We will first look at 

In [None]:
# INPUT
X =pd.DataFrame(dataframe['log K_ow'])
# Target/ OUTPUT
Y =pd.DataFrame(dataframe['BCF'])

In [None]:
X.head()

In [None]:
Y.head()

<br><br>
We need to split the data into two sets. One set will be used to train the linear regression model, while the other set will be used to test the linear regression model.

In [None]:
# We need to split the data into a training and testing set
# This library will give us an easy way to split our data
from sklearn.model_selection import train_test_split

# Split the Input and Target variables into TRAINING and TESTING data
X_train, X_test, y_train, y_test = train_test_split(X, Y, test_size = 0.3, random_state=1)

<br><br>
***
## Your Turn
### Now we have our data in a format we can use for Linear Regression
You can attempt to use the algorithms developed in the previous notebook.

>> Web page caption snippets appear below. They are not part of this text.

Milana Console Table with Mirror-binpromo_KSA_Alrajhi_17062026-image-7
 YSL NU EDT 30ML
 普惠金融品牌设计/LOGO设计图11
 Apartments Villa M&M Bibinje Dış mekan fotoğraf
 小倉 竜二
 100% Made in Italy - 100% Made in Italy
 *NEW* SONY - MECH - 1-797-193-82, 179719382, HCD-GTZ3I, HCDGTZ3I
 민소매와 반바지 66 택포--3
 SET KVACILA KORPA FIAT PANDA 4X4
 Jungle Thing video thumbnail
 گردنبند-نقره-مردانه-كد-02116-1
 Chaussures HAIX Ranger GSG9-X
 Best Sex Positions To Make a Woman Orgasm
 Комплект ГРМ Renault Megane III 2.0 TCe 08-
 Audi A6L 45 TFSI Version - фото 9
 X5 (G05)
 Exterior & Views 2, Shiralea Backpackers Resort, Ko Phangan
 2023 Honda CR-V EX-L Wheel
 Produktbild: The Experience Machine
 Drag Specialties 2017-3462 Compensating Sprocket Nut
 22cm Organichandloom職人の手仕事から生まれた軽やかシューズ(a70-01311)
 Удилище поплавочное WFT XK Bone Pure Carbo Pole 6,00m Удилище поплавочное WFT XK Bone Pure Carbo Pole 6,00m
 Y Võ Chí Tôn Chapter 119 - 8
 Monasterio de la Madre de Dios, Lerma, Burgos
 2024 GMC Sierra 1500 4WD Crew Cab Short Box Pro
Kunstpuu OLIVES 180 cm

Please replace the ___ with the correct variables or functions.

In [None]:
# This is the data we are using
x_data = X_train.to_numpy().flatten()
y_data = y_train.to_numpy().flatten()

# Perform the square of residuals
# Get matrix y
y = np.array([ sum(y_data), sum(y_data * x_data) ])

# Get matrix A
A = np.array([ [float(sum(x_data)), len(x_data)], [float(sum(x_data*x_data)), float(sum(x_data))] ])

# Get m and b
m_b = (np.linalg.inv(A) @ y).T

# Display the results
print("\nRESULTS")
print("Intercept (b):\t", m_b[1])
print("Slope (m):\t", m_b[0])

<br><br>
***
Now you can perform linear regression using the python technique that you learned in the previous notebook.
The data variables to use are:
- X_train
- y_train
- X_test

In [None]:
# Performing linear regression in Python
from sklearn.linear_model import LinearRegression

# Create our linear regression model
model = LinearRegression()

# Next we fit our model using the training data
model.fit(X_train, y_train)

# Now we apply our model to the testing data
predictions = model.predict(X_test)

In [None]:
# Get the intercept and slope (see linear regression notebook)
b = model.intercept_
m = model.coef_

# Get the results
print("\nRESULTS")
print("Intercept (b): ", b)
print("Slope (m): ", m)

In [None]:
# Let's get the error value
from sklearn.metrics import r2_score

print(r2_score(y_test, predictions))

This shows our r-squared value.

***
## Visualization
***
Now we can plot the data and see if it looks correct.


In [None]:
# plot the results
plt.figure(figsize=(8, 6))
ax = plt.axes()
ax.scatter(X_test, y_test, color='black')
ax.plot(X_test, predictions, color='blue', linewidth=3)

ax.set_xlabel('K_ow')
ax.set_ylabel('BCF')

ax.axis('tight')

plt.show()

<br><br>
As we can see, our results are not great. If we had more data, this would improve our results.